MP Haitham al-Hariry has put in an official request for the Egyptian parliament to debate the issue of forced disappearance with a view to taking action.
During a phone-in with the privately owned Al-Mehwar TV channel on Friday evening, Hariry said that he had submitted a request to parliament speaker Ali Abdelaal that such a debate should take place.
Hariry said that due to disorder within the Egyptian justice system, the system of remand had been replaced by that of arbitrary detention, adding that the current law regulating protests is unconstitutional.
Hariry's statements follow a resolution passed on Thursday by the European Parliament condemning human rights abuses in Egypt, including alleged forced disappearances, and linking them to the abduction and murder in Cairo of Italian graduate student Giulio Regeni.

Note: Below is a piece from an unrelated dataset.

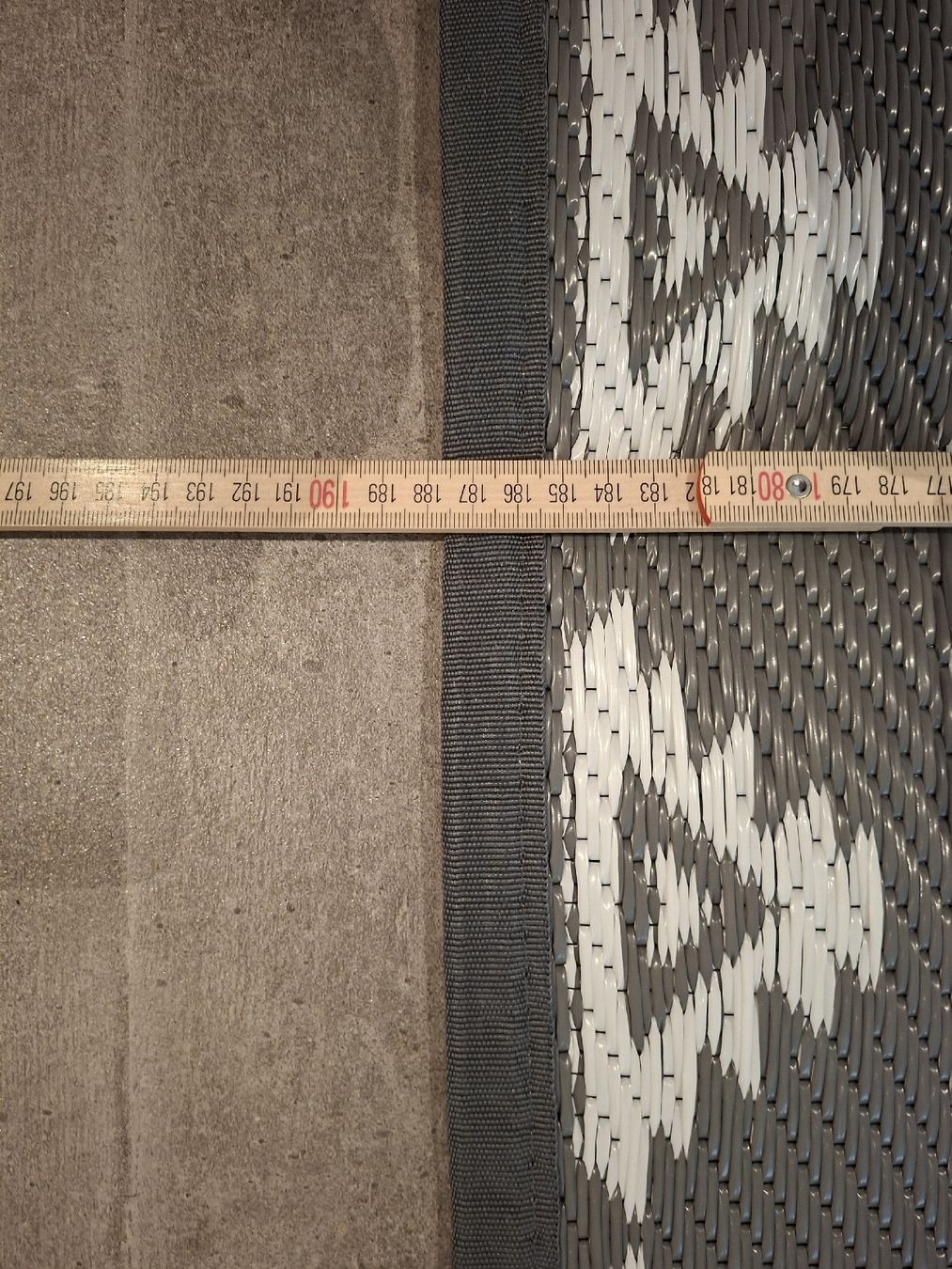 Tappeti: Outdoor Teppich 188×120 cm – Nuovo (secondo la descrizione) da Gelterkinden venduto da kar_6bjd 2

The Egyptian government has been under pressure from both local and international media over allegations of large numbers of extra-judicial arrests, including many activists critical of the government.
Many of those who went missing were difficult to locate for long periods, often later appearing in courtrooms facing multiple charges, mainly related to national security and plotting against the government. Meanwhile, NGOs have recorded various accounts of citizens reported as missing after being arrested by security personnel.
In November last year El-Nadeem Center for the Rehabilitation of Victims of Violence said in a report that 40 cases of forced disappearance were recorded in one month.
In December the NCHR compiled a list of names of people who had allegedly been forcibly disappeared, sending the list to the Interior Ministry with a request that those missing should be located.
In January, the Interior Ministry said it had informed the NCHR of the whereabouts of 130 people out of the 191 reported missing by the organization.
The NCHR claimed in December that the phenomenon of forced disappearance was the result of a failure of police and security personnel to follow the rules regarding the arrest and detention of suspects. The rights organization called on the Interior Ministry to properly implement the criminals procedures law, since this would help to avoid confusion about where suspects had disappeared to.
The Interior Ministry has consistently denied accusations that it has a policy of forced disappearance, saying that no such policy exists.